Krumel, who was self-employed, was successful enough to bring on two partners before he sold his business a few years ago.
He enjoyed retirement for a time, but boredom soon set in.
He decided to attend the International Builders Show in Orlando, Fla., on Feb. 8, 2012, mostly because he was looking for something to do.
Krumel wasn't thinking of buying a franchise, but at the builders show, he learned about Pillar To Post, a home inspection franchise. The more he thought about it, the more he thought it would be a good business opportunity.
Krumel bought a Pillar To Post franchise a year ago, and he was at work the next month.
“What really attracted me to Pillar To Post was the fact that I don't have inventory and accounts receivable.” He knew he didn't want to own a restaurant franchise.
“What I really like about Pillar To Post is that I can set my own schedule,” he said. “And there's always a need for home inspections.”
Krumel, 50, figures he can be as busy as he wants to be, and he may hire employees eventually. When he's ready to slow down, he'll be able to do that. “It's something I can do into my 80s,” he said.
Krumel took a path that many have taken or considered. But it's not a decision to be taken lightly.
The Federal Trade Commission, which regulates franchises, provides resources and advice on its website. And UTSA's Small Business Development Center offers free consultations to those who own a business or are thinking of buying one.
“The benefit of buying a franchise is that hopefully you're buying a proven and successful business model that you can emulate,” said Richard Sifuentes, assistant director at the Small Business Development Center at the University of Texas at San Antonio.
But there's no guarantee of success, said Sifuentes, who has a long list of do's and don'ts when he meets with clients who are considering it.
“There's not a whole lot of difference between starting a business and looking into a franchise,” Sifuentes said. “You still have to do your research.
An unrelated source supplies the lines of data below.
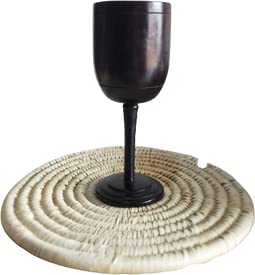 Verre à vin en bois cadeau original pour anniversaire et mariage rustique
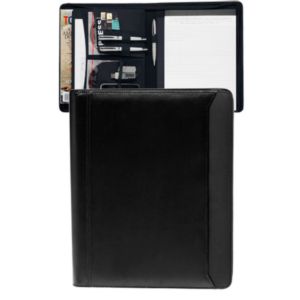 Textured Accent Zippered Portfolios | https://www.bestnamebadges.com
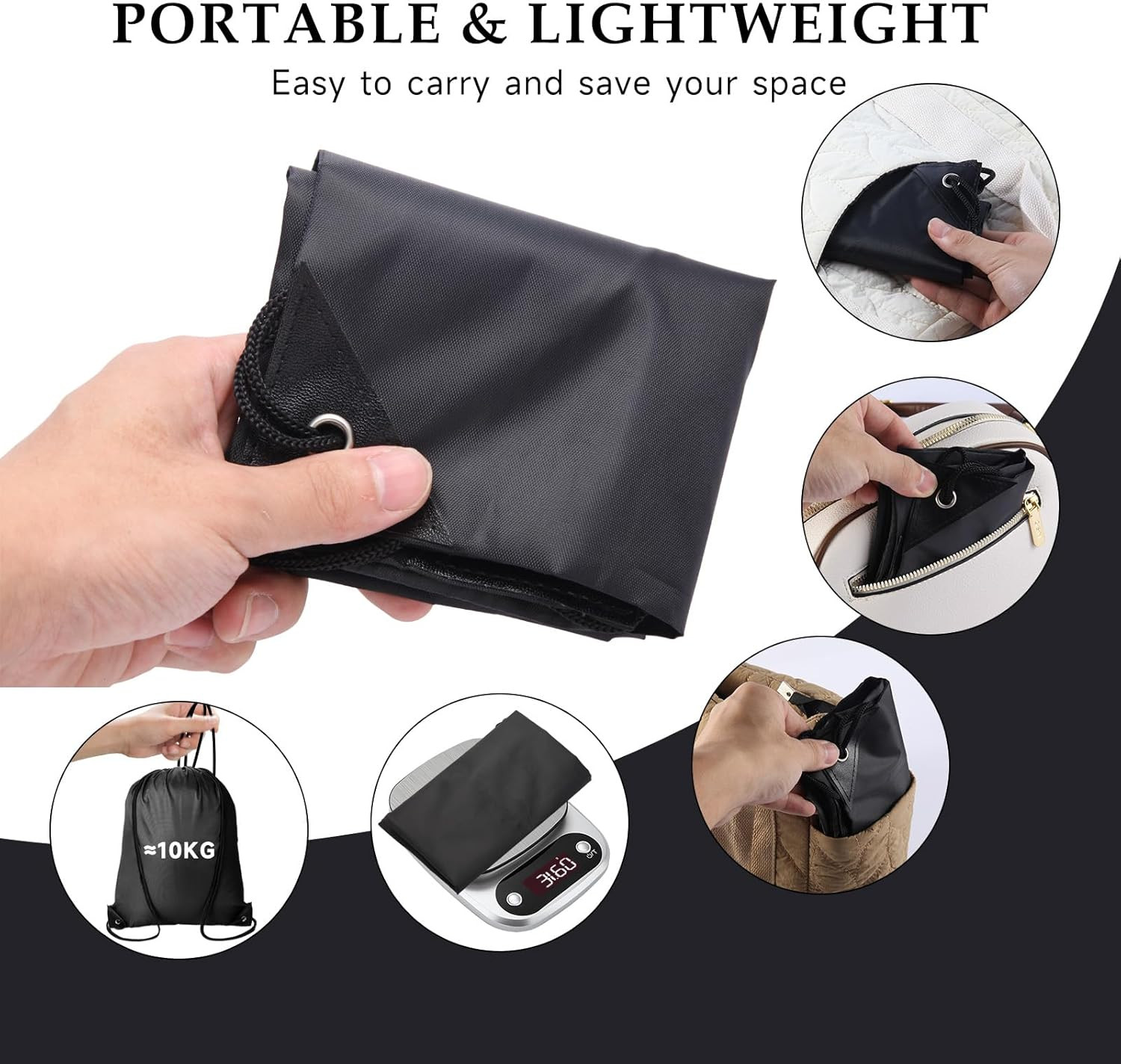 6 Pack Black Drawstring Backpacks Bulk Cinch Sack Gym Travel Storage Bags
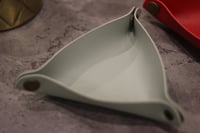 سلة جلد لمكتبك او منزلك او توزيعات بالأسم اوالأحرف...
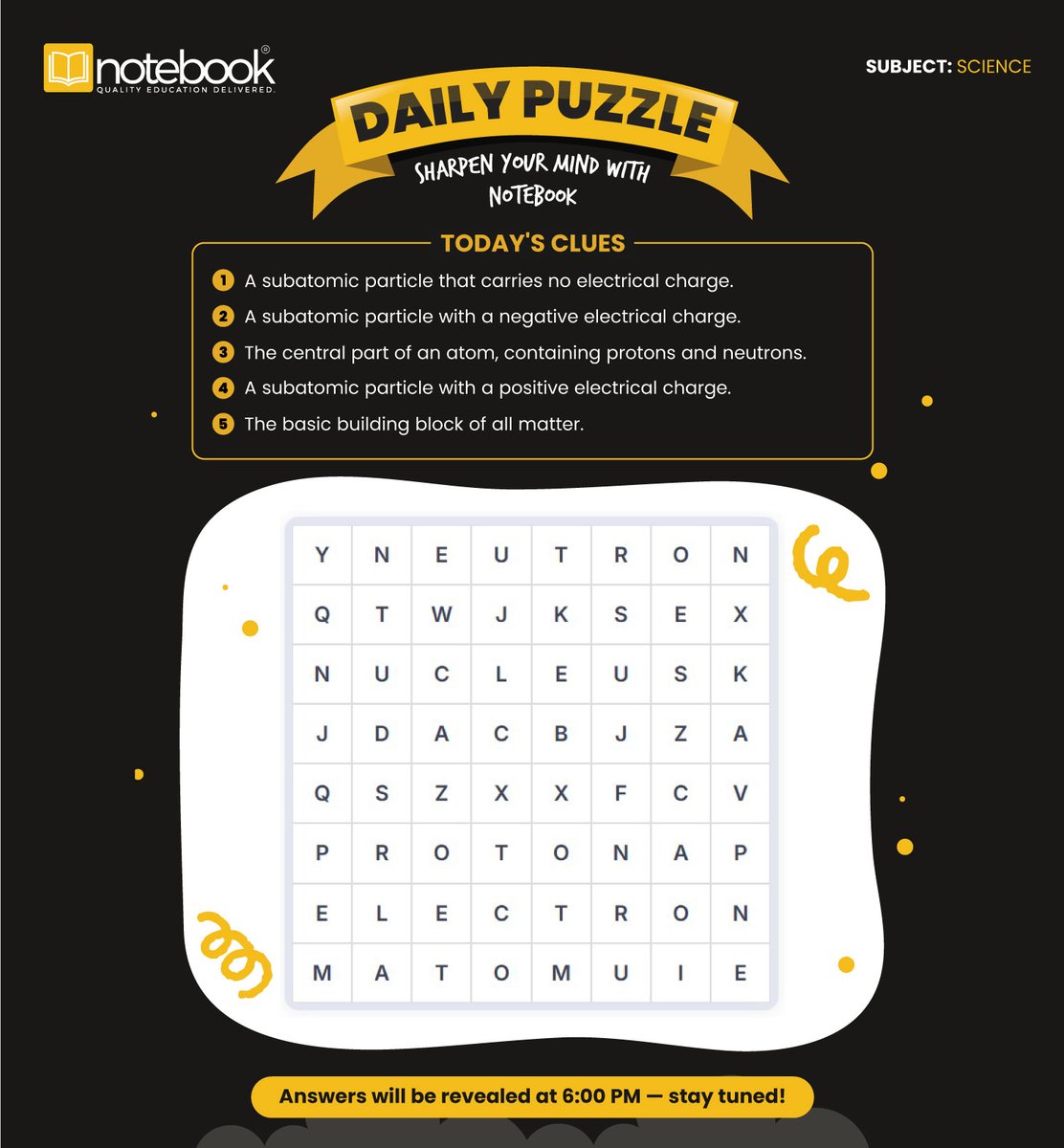 NotebookSocial's tweet image. 𝐃𝐚𝐲 𝟐 𝐢𝐬 𝐡𝐞𝐫𝐞! 🧩

Time to put your atomic knowledge to the test with a fun Atom Word Puzzle!

Find hidden words,Let’s see how many you can solve! 👀✨

👉 𝐏𝐥𝐚𝐲 𝐭𝐡𝐞 𝐩𝐮𝐳𝐳𝐥𝐞 𝐡𝐞𝐫𝐞:
🔗 app.notebook.school/hub/word_puzzl…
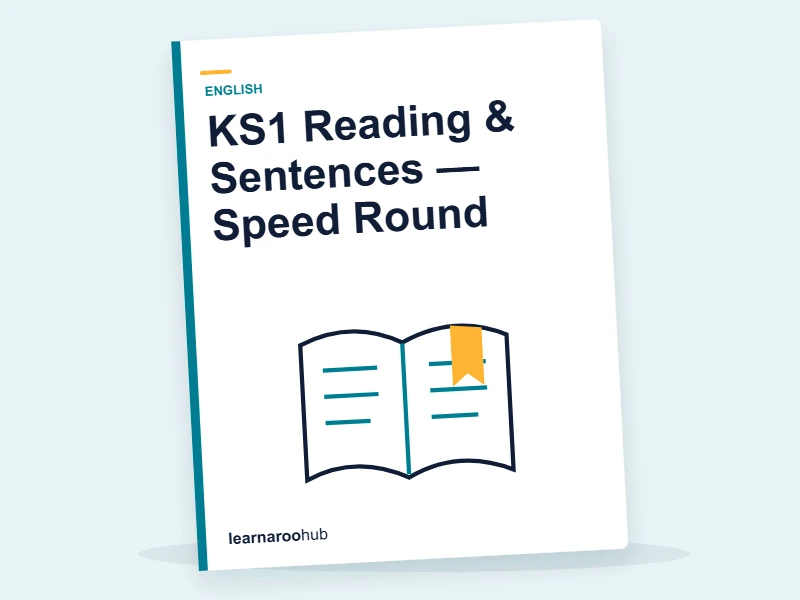 KS1 Reading & Sentences — Speed Round — quiz cover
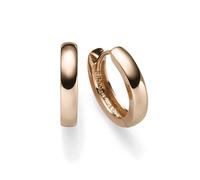 Orecchini a Cerchio 2,5x13,5mm Orecchini Di 585 Oro Rosso Semplice Brillante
We always preach that you have to have knowledge of the industry and the business.
“It's not enough to say you want to go into the restaurant business just because you can make a mean brisket.”
The successful business owner will need to understand the business as well as know how to manage people and money, he said.
Sifuentes also suggests that the prospective purchaser of a franchise make a personal visit to the franchisor's headquarters.
“Are they just a post office box? Or is there a real headquarters? And what is the business experience of the franchisor's officers, directors and owners?”
Also, it's important to call existing franchisees and those who have gotten out of the business, he said, a step that Krumel took.
Obviously, it's important to ask what the franchise fees and royalties are, Sifuentes said.
While some franchises can cost hundreds of thousands of dollars — or much more if it's a chain like McDonald's — the cost of a Pillar To Post franchise is much less, $14,900, said Brian Wieters, Pillar To Post's vice president of franchise sales. The total investment ranges from $25,000 to $30,000.
Krumel said he spent between $25,000 and $27,000, which included tools and equipment.
Pillar To Post's franchise fee includes travel to Toronto for training. Franchisees also get support in the field from nine regional directors who are scattered across the country, Wieters said.
Pillar To Post, founded in 1994, is attracting buyers from “fairly diverse backgrounds,” Wieters said, but most have been in construction or are do-it-yourself home remodelers.
For now, Krumel is handling one or two home inspections a day and he's pleased with that level of work.
“I'm as excited now,” he said, “as I was when I started.”